• _RECORD EXCERPTS_
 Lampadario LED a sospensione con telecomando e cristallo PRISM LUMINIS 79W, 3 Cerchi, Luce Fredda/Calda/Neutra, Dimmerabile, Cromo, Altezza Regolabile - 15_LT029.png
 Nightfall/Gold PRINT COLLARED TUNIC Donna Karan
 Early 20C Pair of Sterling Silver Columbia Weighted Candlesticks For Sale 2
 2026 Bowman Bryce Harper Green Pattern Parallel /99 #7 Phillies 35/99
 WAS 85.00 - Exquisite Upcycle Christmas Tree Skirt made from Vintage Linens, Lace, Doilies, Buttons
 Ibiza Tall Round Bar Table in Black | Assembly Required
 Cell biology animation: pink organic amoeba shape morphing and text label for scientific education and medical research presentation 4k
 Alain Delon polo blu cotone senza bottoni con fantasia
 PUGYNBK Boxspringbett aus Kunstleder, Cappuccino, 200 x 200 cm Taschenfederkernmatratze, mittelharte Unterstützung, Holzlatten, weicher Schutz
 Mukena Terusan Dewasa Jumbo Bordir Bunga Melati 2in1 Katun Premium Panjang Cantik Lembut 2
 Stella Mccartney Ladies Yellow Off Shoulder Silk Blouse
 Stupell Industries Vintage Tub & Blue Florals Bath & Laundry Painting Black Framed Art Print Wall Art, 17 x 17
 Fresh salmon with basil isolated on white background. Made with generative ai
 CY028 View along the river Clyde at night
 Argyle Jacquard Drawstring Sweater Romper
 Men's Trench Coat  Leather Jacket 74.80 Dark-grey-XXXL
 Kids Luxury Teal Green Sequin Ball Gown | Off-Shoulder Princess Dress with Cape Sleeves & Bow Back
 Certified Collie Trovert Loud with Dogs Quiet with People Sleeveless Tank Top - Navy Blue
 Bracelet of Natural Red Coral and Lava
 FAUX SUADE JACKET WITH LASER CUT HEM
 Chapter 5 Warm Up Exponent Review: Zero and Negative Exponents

• _PROBLEM REQUIREMENTS_
Write out exactly the lines starting with the one that holds "Fresh salmon with" and running through the last line above.

• _EXERCISE OUTPUT_
 Fresh salmon with basil isolated on white background. Made with generative ai
 CY028 View along the river Clyde at night
 Argyle Jacquard Drawstring Sweater Romper
 Men's Trench Coat  Leather Jacket 74.80 Dark-grey-XXXL
 Kids Luxury Teal Green Sequin Ball Gown | Off-Shoulder Princess Dress with Cape Sleeves & Bow Back
 Certified Collie Trovert Loud with Dogs Quiet with People Sleeveless Tank Top - Navy Blue
 Bracelet of Natural Red Coral and Lava
 FAUX SUADE JACKET WITH LASER CUT HEM
 Chapter 5 Warm Up Exponent Review: Zero and Negative Exponents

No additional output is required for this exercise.